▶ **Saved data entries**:
[Start of Attachment]

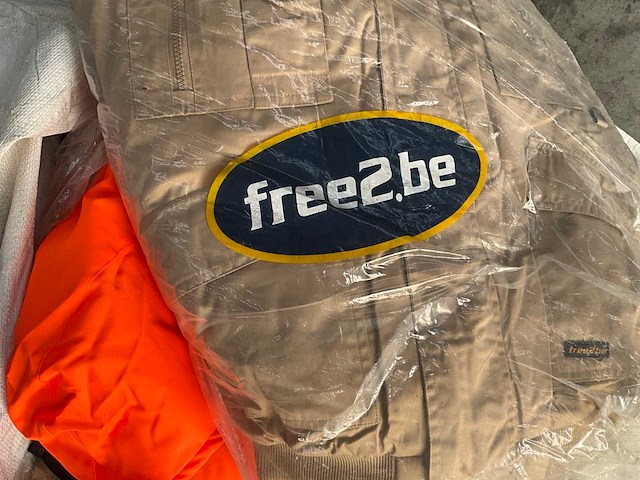 Free2.be diverse winterjassen (15x) - afbeelding 5 van  8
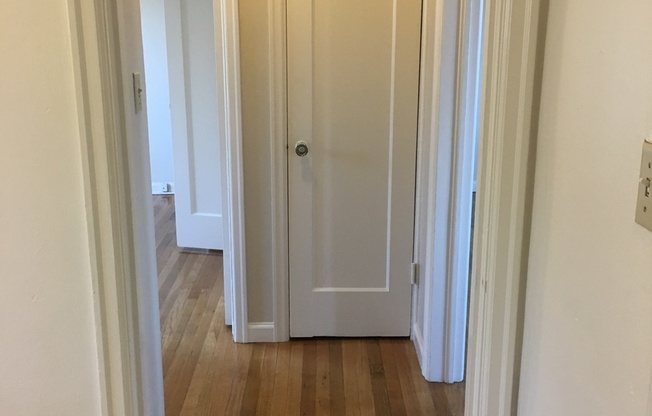 1 bed, 1 bath, 600 sqft, $1,495, Unit C10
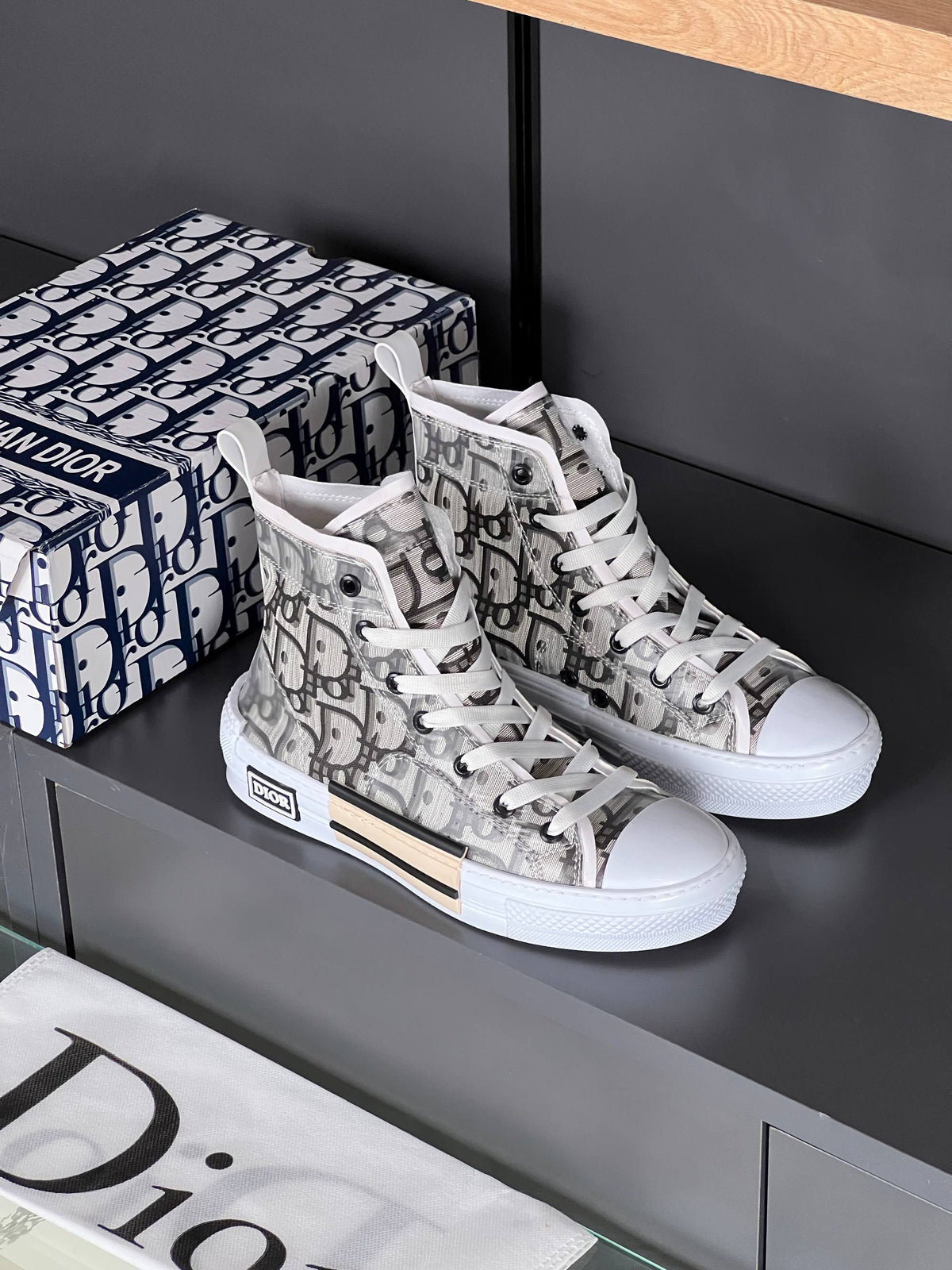 '-D Shoes
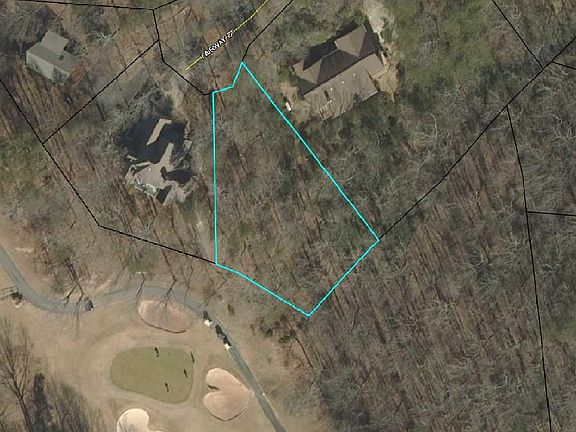 4th image of 782 Fairway Ct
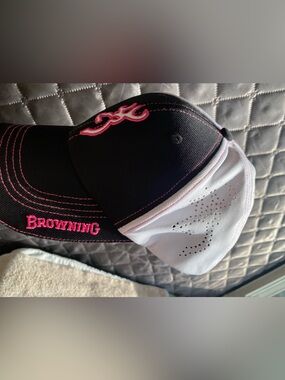 Browning Women's Chelsie Trucker Hat Cap Pink Buckmark Mesh Black Y2K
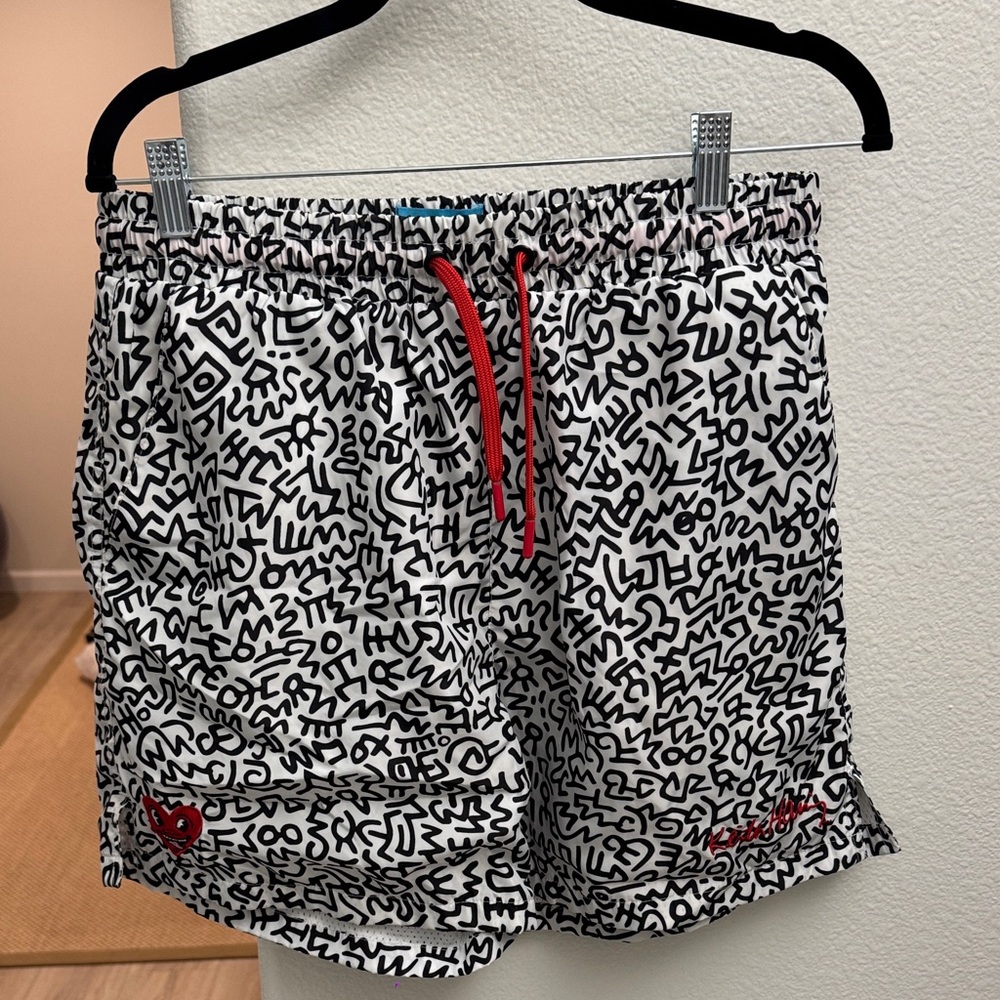 Keith haring graphic shorts size large mens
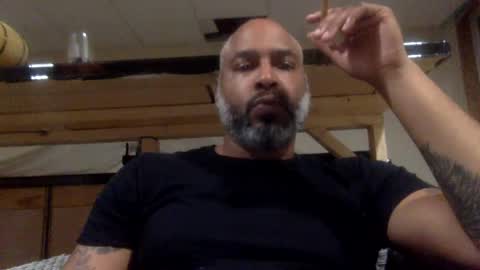 Snapshot of zionlion22 chatting on December 28, 2:43 am zionlion22 online show from December 28, 2:43 am
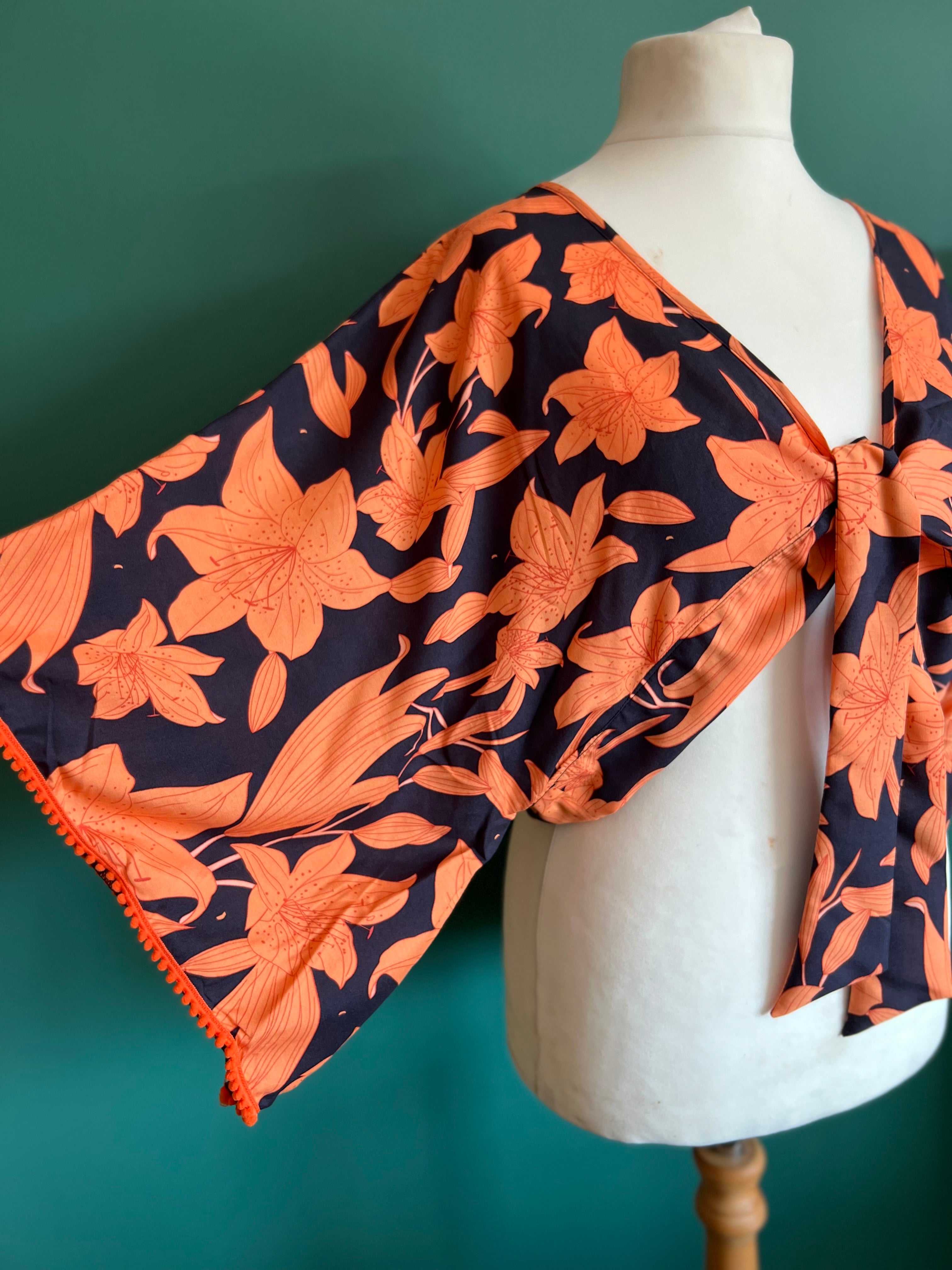 CROPPED BLOUSE BELL SLEEVES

[End of Attachment]

▶ **What you will do**: With the images left out, set down each record exactly as it appears.

▶ **Response to the exercise**:
 Free2.be diverse winterjassen (15x) - afbeelding 5 van  8
 1 bed, 1 bath, 600 sqft, $1,495, Unit C10
 '-D Shoes
 4th image of 782 Fairway Ct
 Browning Women's Chelsie Trucker Hat Cap Pink Buckmark Mesh Black Y2K
 Keith haring graphic shorts size large mens
 Snapshot of zionlion22 chatting on December 28, 2:43 am zionlion22 online show from December 28, 2:43 am
 CROPPED BLOUSE BELL SLEEVES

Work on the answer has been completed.